- Founded: 2006
- Headquarters: Genoa, Italy
- Newspaper: Resistenze (Resistance)
- Ideology: Trotskyism Socialism Marxism
- Political position: Far-left
- Colours: Red

Website

= Countercurrent (Italy, 2006) =

Trotskyist political group in Italy

Countercurrent (Controcorrente) is a small Italian Trotskyist political group. It used to be a faction within the Communist Refoundation Party.

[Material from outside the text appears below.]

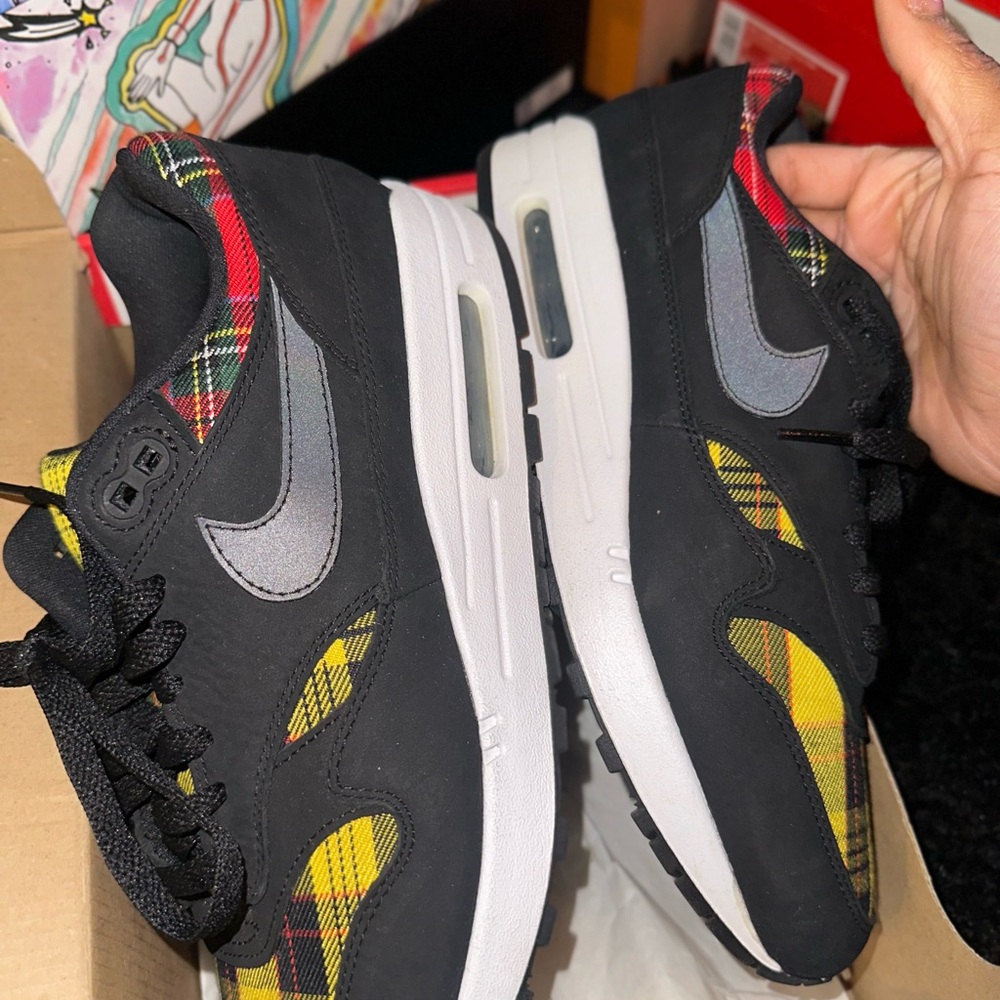 Nike Wmns Air Max 1 SE 'Tartan' - Picture 3 of 5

The group emerged in 2006 as a split from Communist Project, when their leader Marco Ferrando decided to leave the party in order to form his own Workers' Communist Party. For the 24–27 July 2008 congress the faction formed a common list with The Ernesto, another minority faction, and obtained 7.7% of the delegates. In that occasion they supported the election of Paolo Ferrero, leader of the Refoundation in Movement-Being Communists motion, as party secretary, thus joining for the first time the majority of the party.

In 2010 the faction embraced the Committee for a Workers' International.

In 2013, the party was the most important promoter of the massive Genoa Public Transportation Strike that went on for a week and was considered the biggest non-general strike of the year.

In 2017, Controcorrente left the CWI over disagreements regarding, among other issues, the role of the European Union and Brexit. A large minority including mostly younger members split from Controcorrente to remain part of the CWI (now International Socialist Alternative), forming a new organisation named Resistenze Internazionali.